Other Worlds?
Rabbi Moshe Ben-Chaim
Sci·en·tist – ˈsīəntəst, noun: “A person who is studying or has expert knowledge of one or more of the natural or physical sciences.”
“Study” refers to observation of reality. And “reality” has 2 parts: entities and their properties. If one makes claims that deviate from the observed world and suggests existences or natural laws without evidence or reason, he is not a scientist, but a fantasist. For he believes in imagination and not reality. His words are fabrications and lies. He may believe there is a bridge in front of him as he drives over a cliff, but reality will soon expose his error when his car plummets into the ocean. If another person suggests trees can grow perfectly square apples made of glass, he too will be discounted as a fantasist as he suggest what has never been witnessed; he conflicts with science. He dismisses the observed world, and fantasizes.
Proponents of a “Multiverse” theory intend to eliminate the need for God. They do so by suggesting infinite universes existed, where all possibilities eventually play out, and our universe evolved by chance, perfectly suited for human life. Meaning, there is no need for God.

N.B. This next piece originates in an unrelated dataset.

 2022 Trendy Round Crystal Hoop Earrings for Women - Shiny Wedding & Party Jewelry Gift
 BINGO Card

First of all, suggesting multiple universes came to be and vanished, or exist simultaneously, is without evidence. That’s not a scientific conclusion.

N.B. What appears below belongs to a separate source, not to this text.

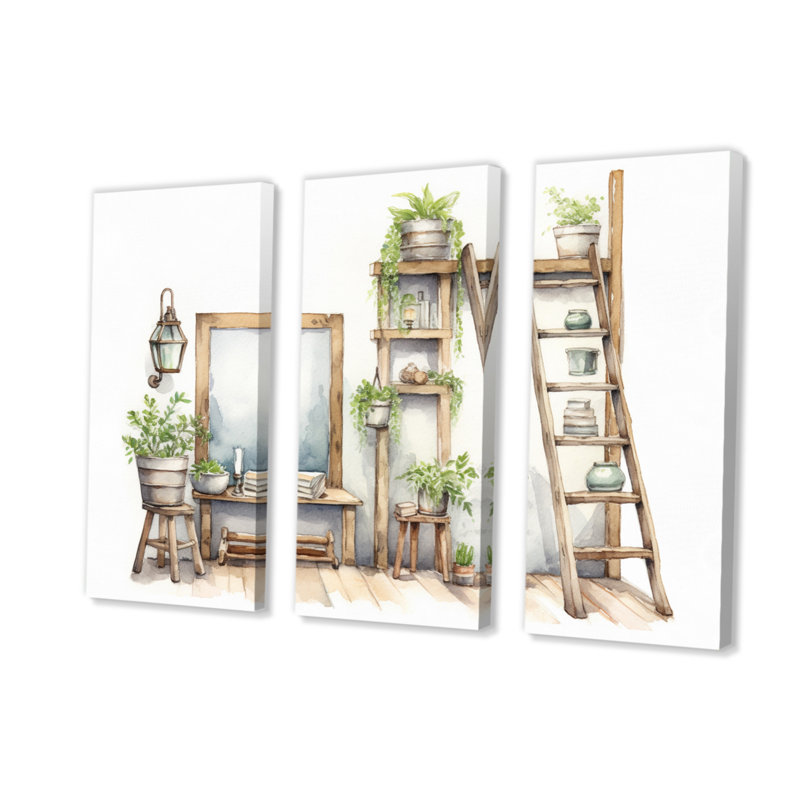 "Natural Bathroom Decor XXVI" sur toile, reproduction de 3 pièces, H 28 po x l 36 po x P 1 po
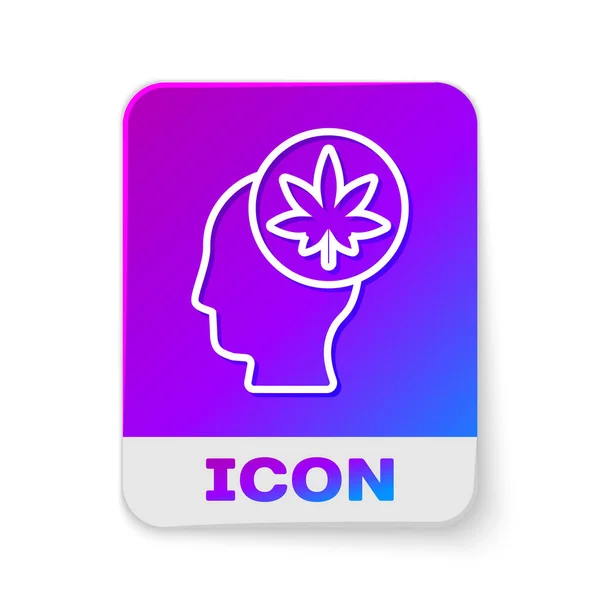 Línea Blanca Cabeza Masculina Perfil Con Marihuana Icono Hoja Cannabis — Vector de stock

Secondly, science supports a Big Bang. That means there is an exclusive single cause for matter. This precludes subsequent Big Bangs, as matter cannot be created once it already exists. Therefore, unlike the Multiverse theory, there is no basis to suggest matter will ever veer from its observable properties such as substance, form, location, weight, atomic composition and fine tuning.
Thirdly, this Multiverse theory is without reason, as assumed infinite possibilities do not demand “all” possible variations. For example, one can throw buckets of ink at a wall forever, and this will never create even a single page of Shakespeare. So too, infinite worlds can all be as chaotic as that dripping ink, with no habitable environment for life. This is a crucial step: infinite possibilities do not demand “all” possible variations.

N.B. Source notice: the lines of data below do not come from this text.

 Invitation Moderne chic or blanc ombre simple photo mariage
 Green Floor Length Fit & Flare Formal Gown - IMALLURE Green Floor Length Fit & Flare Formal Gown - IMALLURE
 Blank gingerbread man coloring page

Additionally, Multiverse proponents contradict themselves, as they wish to apply randomness and chaos—our world’s laws—onto new universes. But according to them, new universes should have properties “other” than randomness, variation and chaos. Perhaps in an infinite string of universes, none have laws of random like ours, and each emerging universe exactly duplicates the previous one. Why should we apply our universe’s random properties to other universes? Think about what they’re saying: they say infinite universes should have variation or random versions. But thats “our” universe’s design! Multiverse fantasists applying “variation” to other universes, thereby say other universes mimic ours, which is against their Multiverse theory.
Why can’t new universes be metaphysical with no physical substance, like a world of ideas and laws? Multiverse proponents who suggest variation of new universes—their first contradiction—should also entertain universes without substance. As they say the human spirit—a metaphysical entity—is a product of infinite universes, what demands the universe itself can’t be wholly metaphysical?
We reject this Multiverse theory in more ways. In their Multiverse theory, they fantasize that infinity is possible, while never observing infinity. Nothing observed presents the infinite: nothing is infinitely big, has infinite properties, there is no evidence of infinite space, there is no evidence of infinite time. Thus, the Multiverse is built on fantasy, making the Multiverse unreal.
In their attempt to remove God, how do universes exists? From where came the first universe? If they hold like Plato and Aristotle that matter is eternal, with no beginning, nothing can exist of its own. There must be a cause for anything in existence, and the “eternal” world theory never traces back to any cause. Traveling back in time infinitely eliminates any “first cause.” Without a first cause, nothing else can exist, as nothing can create itself.